Wednesday 25 May 2011

The Streets of East London

This book was first published by Duckworth in 1979 and I must have bought what is now a very battered copy around then. A less battered copy by the same publisher shows that the book ran to nine impressions by 2000. Our 2006 edition has just been reprinted for the second or third time and is available here: http://www.inpressbooks.co.uk/the_streets_of_east_london_william_j_fishman_i017692.aspx When I first read Bill Fishman's book I was attracted by the fine archival photographs, contemporary photographs by Nicholas Breach and the wonderful essays by the author on poverty, philanthropy, immigrants, crime and radicals, especially radicals. I mentioned in a previous blog (4th of this month) that Bill Fishman is now ninety. At the afternoon tea in celebration at his old haunt of Queen Mary's on Mile End Road Professor Morag Shiach said: "Bill Fishman was appointed Barnet Shine Senior Research Fellow in the early 1970s. He had already established himself as a labour historian, having written his book The Insurrectionists [paperbacked a year back by Five Leaves] during the period of his Schoolmaster Fellowship at Balliol. Upon arrival at Queen Mary he was able to develop his specialisation in East End history. His scholarship, which was manifest in his prize-winning book, East End Jewish Radicals [yup, Five Leaves] and in his later volumes such as East End 1888 [that too] promoted the College as a place to which those who wished to learn about the East End could turn.
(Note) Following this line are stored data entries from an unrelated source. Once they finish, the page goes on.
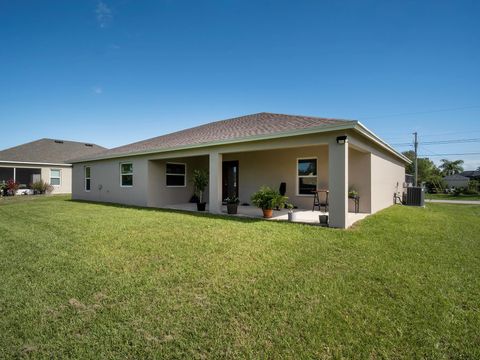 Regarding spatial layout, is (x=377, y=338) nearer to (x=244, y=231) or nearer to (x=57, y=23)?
(x=244, y=231)

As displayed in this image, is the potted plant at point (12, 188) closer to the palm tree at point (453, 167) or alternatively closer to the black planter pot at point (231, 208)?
the black planter pot at point (231, 208)

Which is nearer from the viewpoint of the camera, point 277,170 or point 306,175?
point 306,175

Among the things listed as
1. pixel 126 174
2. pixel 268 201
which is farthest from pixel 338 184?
pixel 126 174

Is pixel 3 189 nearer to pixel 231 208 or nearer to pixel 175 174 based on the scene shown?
pixel 175 174

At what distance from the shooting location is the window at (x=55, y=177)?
22.6m

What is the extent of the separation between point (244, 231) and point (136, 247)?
8.39 ft

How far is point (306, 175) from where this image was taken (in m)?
10.7

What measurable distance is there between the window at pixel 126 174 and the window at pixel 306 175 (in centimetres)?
884

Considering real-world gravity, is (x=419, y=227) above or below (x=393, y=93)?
below

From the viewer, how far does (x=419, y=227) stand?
7.00 metres

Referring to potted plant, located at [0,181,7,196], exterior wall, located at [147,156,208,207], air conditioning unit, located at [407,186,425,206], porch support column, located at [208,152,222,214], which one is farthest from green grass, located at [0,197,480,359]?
potted plant, located at [0,181,7,196]

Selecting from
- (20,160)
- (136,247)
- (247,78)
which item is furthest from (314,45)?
(20,160)

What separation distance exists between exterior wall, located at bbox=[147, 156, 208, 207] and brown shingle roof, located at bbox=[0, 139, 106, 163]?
1102 cm

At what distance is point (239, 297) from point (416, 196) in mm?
14097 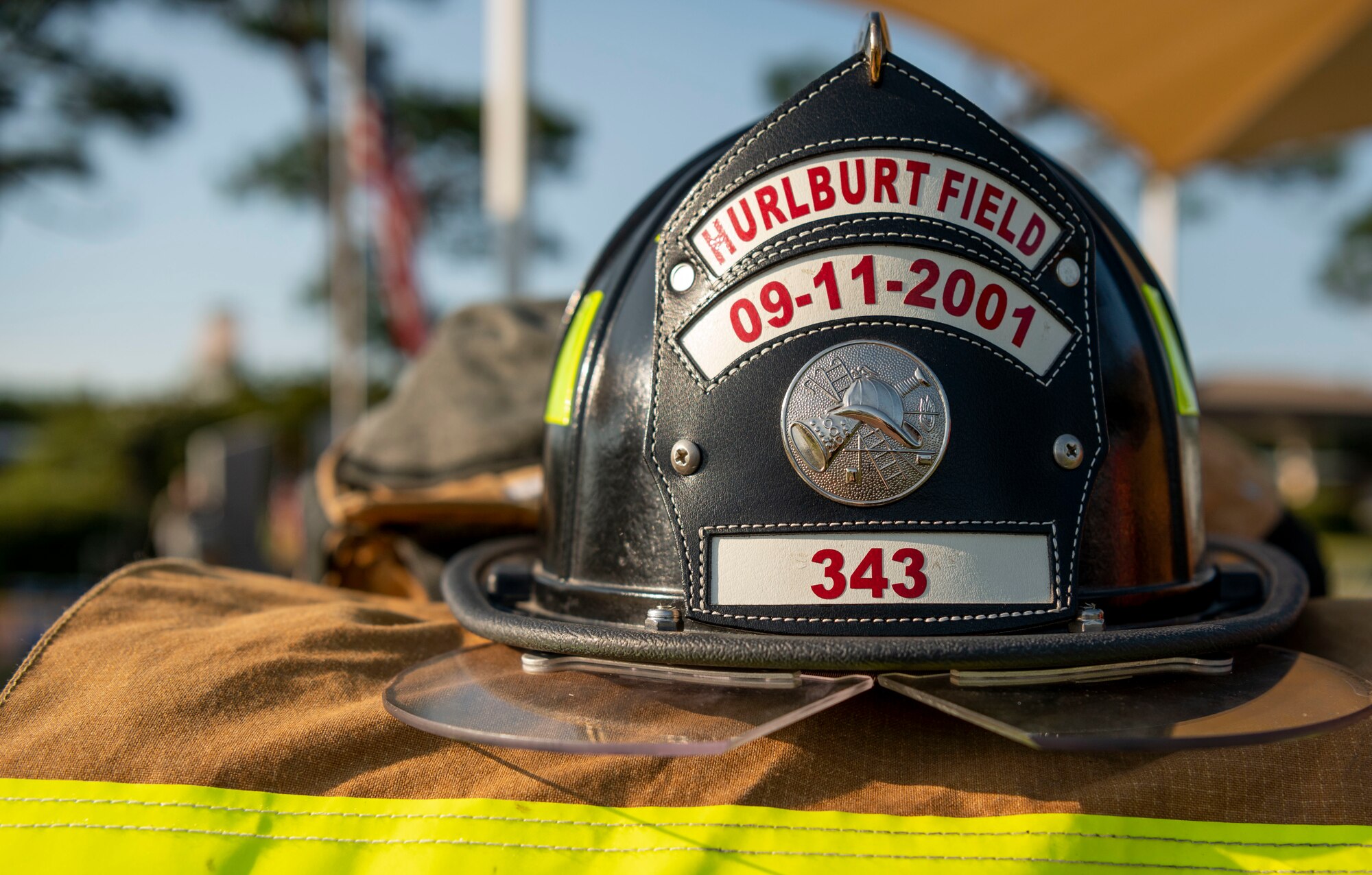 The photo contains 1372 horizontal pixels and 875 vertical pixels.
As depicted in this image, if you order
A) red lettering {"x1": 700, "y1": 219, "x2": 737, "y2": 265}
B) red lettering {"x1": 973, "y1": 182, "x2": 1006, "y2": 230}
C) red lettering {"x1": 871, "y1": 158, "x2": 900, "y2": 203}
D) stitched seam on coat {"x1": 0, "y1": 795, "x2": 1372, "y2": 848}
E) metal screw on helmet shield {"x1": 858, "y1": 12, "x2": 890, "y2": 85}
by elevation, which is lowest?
stitched seam on coat {"x1": 0, "y1": 795, "x2": 1372, "y2": 848}

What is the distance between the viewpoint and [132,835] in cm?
76

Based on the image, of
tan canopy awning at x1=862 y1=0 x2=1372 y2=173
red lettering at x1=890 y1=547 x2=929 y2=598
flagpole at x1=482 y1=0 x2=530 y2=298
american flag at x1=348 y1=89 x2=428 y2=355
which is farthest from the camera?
american flag at x1=348 y1=89 x2=428 y2=355

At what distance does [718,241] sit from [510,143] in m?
2.42

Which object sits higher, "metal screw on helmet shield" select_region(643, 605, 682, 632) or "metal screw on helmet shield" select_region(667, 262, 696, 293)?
"metal screw on helmet shield" select_region(667, 262, 696, 293)

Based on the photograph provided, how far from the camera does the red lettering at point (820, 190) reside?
2.91 ft

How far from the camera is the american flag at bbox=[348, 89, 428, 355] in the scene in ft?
22.9

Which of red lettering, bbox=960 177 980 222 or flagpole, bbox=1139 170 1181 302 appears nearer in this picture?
red lettering, bbox=960 177 980 222

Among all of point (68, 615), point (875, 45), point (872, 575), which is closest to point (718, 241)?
point (875, 45)

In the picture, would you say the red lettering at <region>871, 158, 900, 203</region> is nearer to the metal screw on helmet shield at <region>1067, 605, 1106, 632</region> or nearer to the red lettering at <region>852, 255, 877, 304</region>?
the red lettering at <region>852, 255, 877, 304</region>

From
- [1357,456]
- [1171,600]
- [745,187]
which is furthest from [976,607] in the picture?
[1357,456]

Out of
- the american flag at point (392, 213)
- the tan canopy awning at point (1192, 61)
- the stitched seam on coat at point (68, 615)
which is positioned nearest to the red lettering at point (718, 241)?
the stitched seam on coat at point (68, 615)

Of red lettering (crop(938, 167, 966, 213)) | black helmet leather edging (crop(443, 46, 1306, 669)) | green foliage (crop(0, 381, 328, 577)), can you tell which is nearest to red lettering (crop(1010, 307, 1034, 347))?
black helmet leather edging (crop(443, 46, 1306, 669))

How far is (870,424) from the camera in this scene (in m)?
0.84

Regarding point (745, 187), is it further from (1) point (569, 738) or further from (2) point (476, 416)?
(2) point (476, 416) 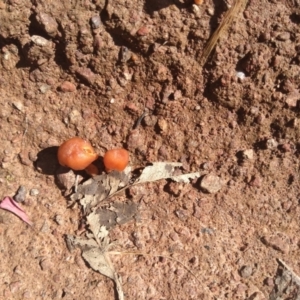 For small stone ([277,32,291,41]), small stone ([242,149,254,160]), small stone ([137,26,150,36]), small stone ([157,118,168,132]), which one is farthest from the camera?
small stone ([157,118,168,132])

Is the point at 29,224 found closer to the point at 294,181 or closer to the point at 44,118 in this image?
the point at 44,118

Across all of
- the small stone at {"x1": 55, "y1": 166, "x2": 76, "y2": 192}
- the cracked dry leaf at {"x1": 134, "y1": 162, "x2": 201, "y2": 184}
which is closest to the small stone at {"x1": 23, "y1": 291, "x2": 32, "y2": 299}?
the small stone at {"x1": 55, "y1": 166, "x2": 76, "y2": 192}

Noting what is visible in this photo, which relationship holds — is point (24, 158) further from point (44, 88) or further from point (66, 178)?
point (44, 88)

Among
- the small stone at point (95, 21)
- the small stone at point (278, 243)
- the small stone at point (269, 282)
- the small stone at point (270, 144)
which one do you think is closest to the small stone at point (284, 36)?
the small stone at point (270, 144)

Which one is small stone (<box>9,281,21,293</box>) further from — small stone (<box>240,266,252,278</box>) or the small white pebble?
the small white pebble

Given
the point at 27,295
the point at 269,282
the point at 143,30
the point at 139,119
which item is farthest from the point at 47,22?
the point at 269,282

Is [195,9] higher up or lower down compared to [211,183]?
higher up

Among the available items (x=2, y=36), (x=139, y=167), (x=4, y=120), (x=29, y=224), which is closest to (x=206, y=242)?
(x=139, y=167) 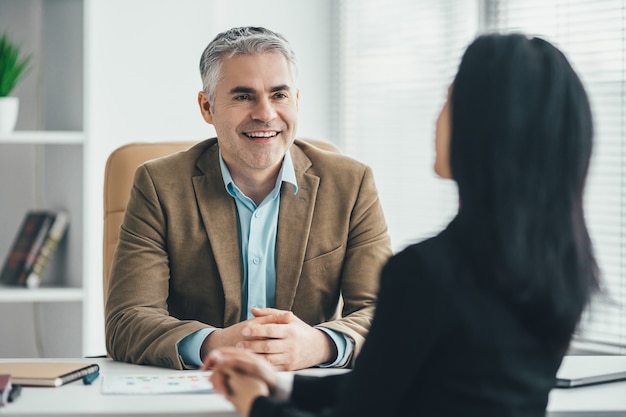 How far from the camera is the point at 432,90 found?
3.48 m

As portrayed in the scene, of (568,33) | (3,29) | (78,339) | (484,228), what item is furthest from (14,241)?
(484,228)

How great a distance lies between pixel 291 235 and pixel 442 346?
1.01 metres

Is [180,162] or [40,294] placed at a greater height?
[180,162]

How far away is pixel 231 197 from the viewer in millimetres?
2080

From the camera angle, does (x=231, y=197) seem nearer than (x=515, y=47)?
No

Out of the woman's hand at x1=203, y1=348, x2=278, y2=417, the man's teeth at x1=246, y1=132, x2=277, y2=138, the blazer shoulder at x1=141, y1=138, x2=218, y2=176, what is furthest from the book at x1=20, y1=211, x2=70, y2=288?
the woman's hand at x1=203, y1=348, x2=278, y2=417

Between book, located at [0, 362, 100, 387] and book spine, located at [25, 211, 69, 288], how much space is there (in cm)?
137

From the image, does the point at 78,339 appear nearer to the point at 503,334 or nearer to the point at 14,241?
the point at 14,241

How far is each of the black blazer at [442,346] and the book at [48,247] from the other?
2.06m

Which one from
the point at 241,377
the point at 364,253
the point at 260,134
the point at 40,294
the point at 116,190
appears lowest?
the point at 40,294

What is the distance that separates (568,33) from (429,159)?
868 millimetres

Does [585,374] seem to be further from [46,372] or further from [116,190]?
[116,190]

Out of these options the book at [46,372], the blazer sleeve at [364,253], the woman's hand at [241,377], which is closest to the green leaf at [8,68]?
the blazer sleeve at [364,253]

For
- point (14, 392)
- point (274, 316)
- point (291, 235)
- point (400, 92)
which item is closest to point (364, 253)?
point (291, 235) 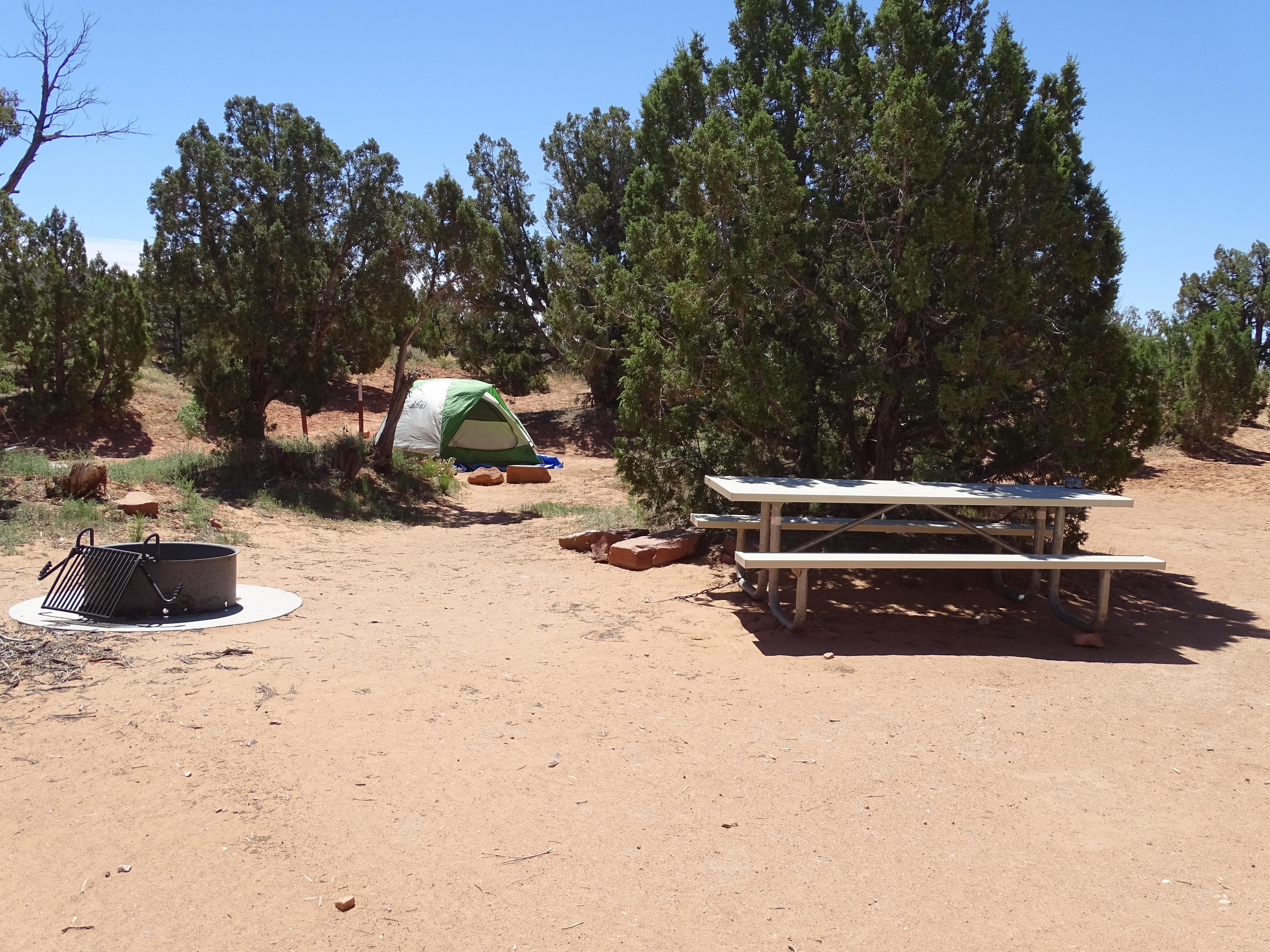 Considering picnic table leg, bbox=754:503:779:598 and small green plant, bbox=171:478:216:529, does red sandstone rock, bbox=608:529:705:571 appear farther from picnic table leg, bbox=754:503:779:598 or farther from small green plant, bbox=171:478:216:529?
small green plant, bbox=171:478:216:529

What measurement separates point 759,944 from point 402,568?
21.5 ft

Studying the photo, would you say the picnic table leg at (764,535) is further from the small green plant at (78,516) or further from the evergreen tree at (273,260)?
the evergreen tree at (273,260)

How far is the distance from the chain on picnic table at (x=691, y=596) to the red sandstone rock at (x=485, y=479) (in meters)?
8.57

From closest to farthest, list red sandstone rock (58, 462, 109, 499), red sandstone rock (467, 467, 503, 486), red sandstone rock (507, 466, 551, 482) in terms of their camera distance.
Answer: red sandstone rock (58, 462, 109, 499) → red sandstone rock (467, 467, 503, 486) → red sandstone rock (507, 466, 551, 482)

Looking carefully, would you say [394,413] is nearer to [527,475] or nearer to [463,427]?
[527,475]

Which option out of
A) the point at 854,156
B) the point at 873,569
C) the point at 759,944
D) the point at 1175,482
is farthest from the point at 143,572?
the point at 1175,482

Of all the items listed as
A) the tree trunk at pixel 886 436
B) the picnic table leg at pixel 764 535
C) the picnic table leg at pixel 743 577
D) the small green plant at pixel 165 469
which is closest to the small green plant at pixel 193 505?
the small green plant at pixel 165 469

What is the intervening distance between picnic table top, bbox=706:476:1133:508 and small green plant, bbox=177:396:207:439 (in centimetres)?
915

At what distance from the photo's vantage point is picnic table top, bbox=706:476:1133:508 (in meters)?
6.62

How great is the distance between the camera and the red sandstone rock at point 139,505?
932 centimetres

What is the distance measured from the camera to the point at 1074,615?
7.47 metres

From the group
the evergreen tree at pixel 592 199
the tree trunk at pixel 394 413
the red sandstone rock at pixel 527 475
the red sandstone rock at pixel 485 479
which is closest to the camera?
the tree trunk at pixel 394 413

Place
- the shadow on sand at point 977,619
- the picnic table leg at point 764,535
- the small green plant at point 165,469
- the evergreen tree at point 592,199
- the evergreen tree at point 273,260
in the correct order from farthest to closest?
the evergreen tree at point 592,199
the evergreen tree at point 273,260
the small green plant at point 165,469
the picnic table leg at point 764,535
the shadow on sand at point 977,619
Bill's expertise in the filed of East London social and political history drew students from all over the world, but most particularly from America, where Bill had been a visiting professor in the late 1960s. Bill has always enriched the lives of his students, researchers and other academics with his walks around the East End, enhancing the drier elements of historical data with amusing and revealing political and social anecdotes. Bill retired as a full time academic in 1986, leaving a legacy that has encouraged those who have come after. The template Bill laid down at Queen Mary for researching and reporting on the East End and its people has ensured that the College remains at the centre of academic work on the immigrant population of East London and beyond and has been able to sustain and develop its commitment to the study of migration more broadly."
Then we had cake.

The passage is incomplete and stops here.